In the 1960s the Beatles and Monkees both hit with a formula for unbridled, all-round success, or rather stumbled on it because in the end their own abilities had not much to do with it. They were big-business success stories more than anything else, in a pattern that became more common in ensuing decades as independent artists grew rarer. Both groups were the passive objects of well-connected, highly driven managers; were the favored projects of big corporations in disc recording and television, even movies. And both groups played the game for whatever it took, going well beyond the bounds of their own good taste to ensure bigger bucks for everyone in their trans-continental organizations. The Supremes too, with much less to offer as non-songwriters and non-musicians, were hoisted as the pet superstars favored above everyone else at the Motown label. Everyone else had to do it themselves in the Sixties.The Beach Boys, with the Wilson brothers’ father as manager, had scored a rare coup — a minor national hit with their first recording that became a big hit locally in Los Angeles, San Diego and the rest of Southern California, and got airplay up the rest of the Pacific Coast and as far afield as Erie PA and Italy. It was six months before a major label — Capitol/EMI — took them up and they had to do it themselves all over again, this time with the classic Surfin’ Safari. This vinyl single by itself (backed with co-rocker car song 409) represented a nine-month struggle that brought survival for the group and rock music back to the airwaves after a consensus of radio stations, particularly in New York, had agreed in early 1962 to push nice, quieter, slower melodic music for “grown-ups”.
Produced by the group and recorded at an independent studio in April, signed over to Capitol in May and issued early June, the A-side was being played two weeks before release at KMEN-San Bernardino though “put down” by radio bosses in LA itself. The virtual blacklist on rock that existed among radio stations across America, the prejudice against newcomers in LA and the overriding preference for c&w across the South, Southwest and great swaths of the Midwest, would all have to be overcome by any new act entering the rock scene and wanting to go nationwide, never mind worldwide. Capitol put no more than $5,000 into promoting the label’s first rock group into stars (one tenth of the budget they would lay out 18 months later to establish the Beatles in New York City, gateway to North America). By the end of its first month it was high on playlists in Ohio, at the independent WDON in Washington DC and WYDE-Birmingham AL.

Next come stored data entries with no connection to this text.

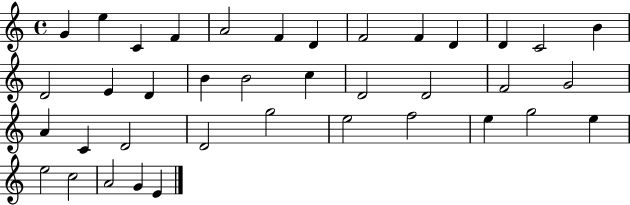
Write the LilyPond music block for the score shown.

{
  \clef treble
  \time 4/4
  \defaultTimeSignature
  \key c \major
  g'4 e''4 c'4 f'4 | a'2 f'4 d'4 | f'2 f'4 d'4 | d'4 c'2 b'4 | \break d'2 e'4 d'4 | b'4 b'2 c''4 | d'2 d'2 | f'2 g'2 | \break a'4 c'4 d'2 | d'2 g''2 | e''2 f''2 | e''4 g''2 e''4 | \break e''2 c''2 | a'2 g'4 e'4 | \bar "|."
}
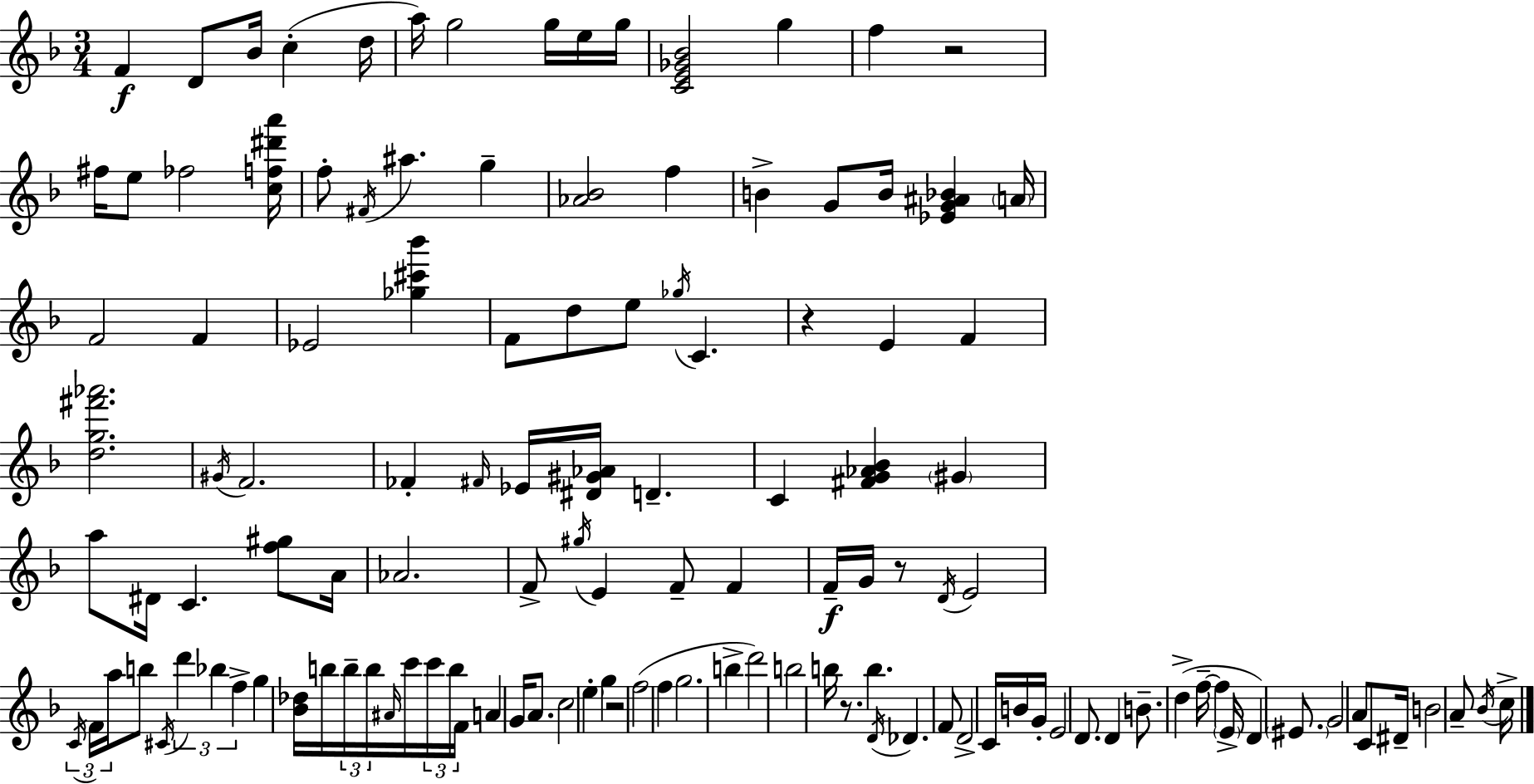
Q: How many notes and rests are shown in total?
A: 127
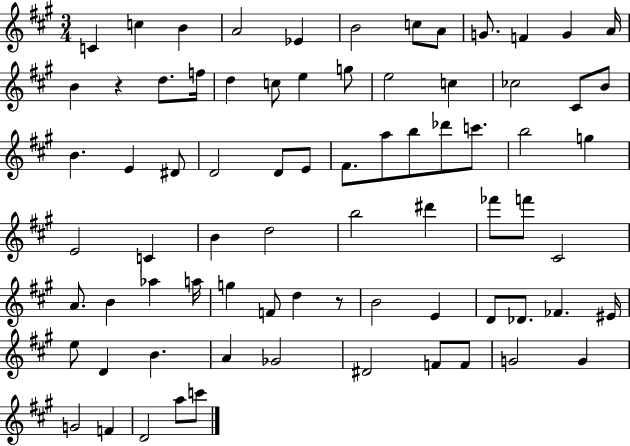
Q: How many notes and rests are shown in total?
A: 76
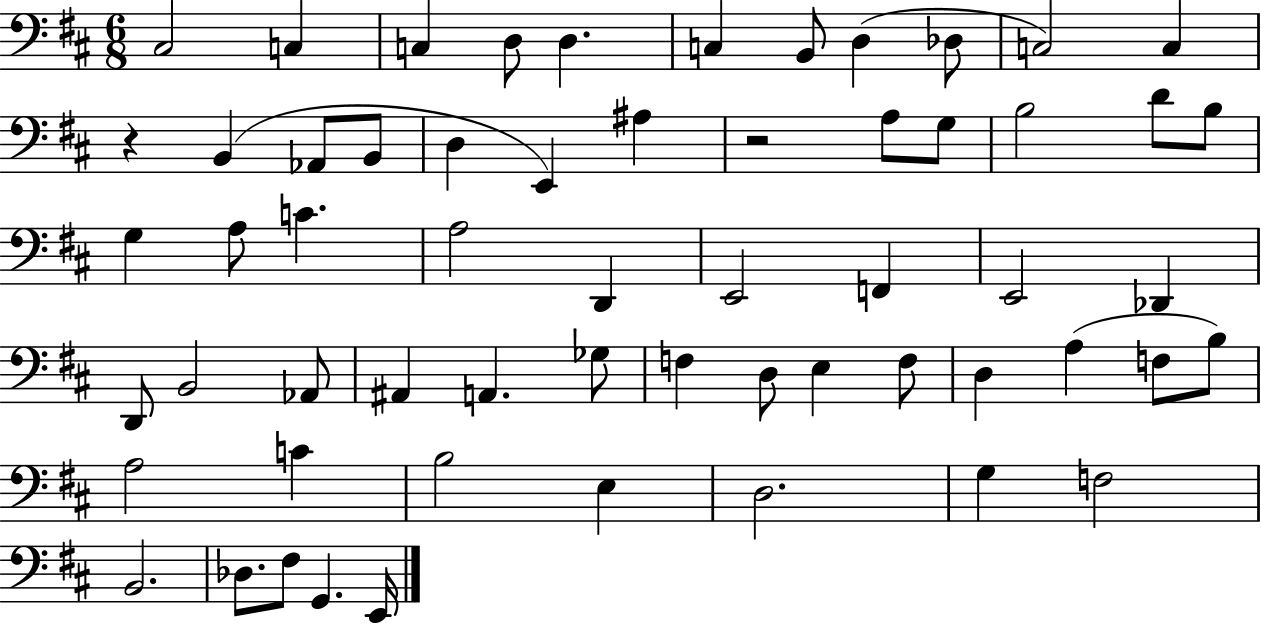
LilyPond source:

{
  \clef bass
  \numericTimeSignature
  \time 6/8
  \key d \major
  \repeat volta 2 { cis2 c4 | c4 d8 d4. | c4 b,8 d4( des8 | c2) c4 | \break r4 b,4( aes,8 b,8 | d4 e,4) ais4 | r2 a8 g8 | b2 d'8 b8 | \break g4 a8 c'4. | a2 d,4 | e,2 f,4 | e,2 des,4 | \break d,8 b,2 aes,8 | ais,4 a,4. ges8 | f4 d8 e4 f8 | d4 a4( f8 b8) | \break a2 c'4 | b2 e4 | d2. | g4 f2 | \break b,2. | des8. fis8 g,4. e,16 | } \bar "|."
}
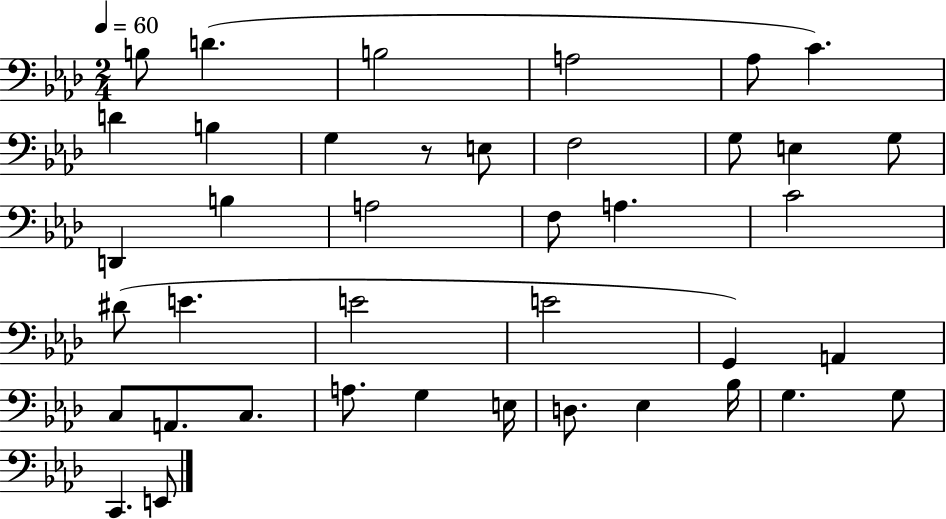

It would hit high on charts at “surfin'” spots on the West Coast but “early” only in one sense: early in August in San Diego, Fresno and Seattle; early September in LA; and finally rebounded back to San Francisco early in November. In time the Beach Boys’ first big hit, which bore a passing resemblance to the Chubby Checker and Coasters style of r&b, would also top in Phoenix, Oklahoma City, Dallas-Fort Worth, Buffalo, Minneapolis-St Paul and other regional centers. It sold most in New York City, breaking Capitol sales records there in rising to runner-up and over the next fifteen years surveyed as the seventh biggest- selling song in the 25 million catchment area of the major WNBC network station; and did (proportionately) almost as well in the other big music centers of the day, Chicago, Philadelphia and Detroit. In September also it reached the top ten in Sydney, Australia, to register as the group’s first international winner, and in November topped the Swedish chart.
In the meantime, 409 on its own would top-ten charts in San Bernardino-Riverside, Seattle, Denver, New Jersey, New Hampshire… and go to the very top in Charleston WV, and Dallas only in the very last week of 1962.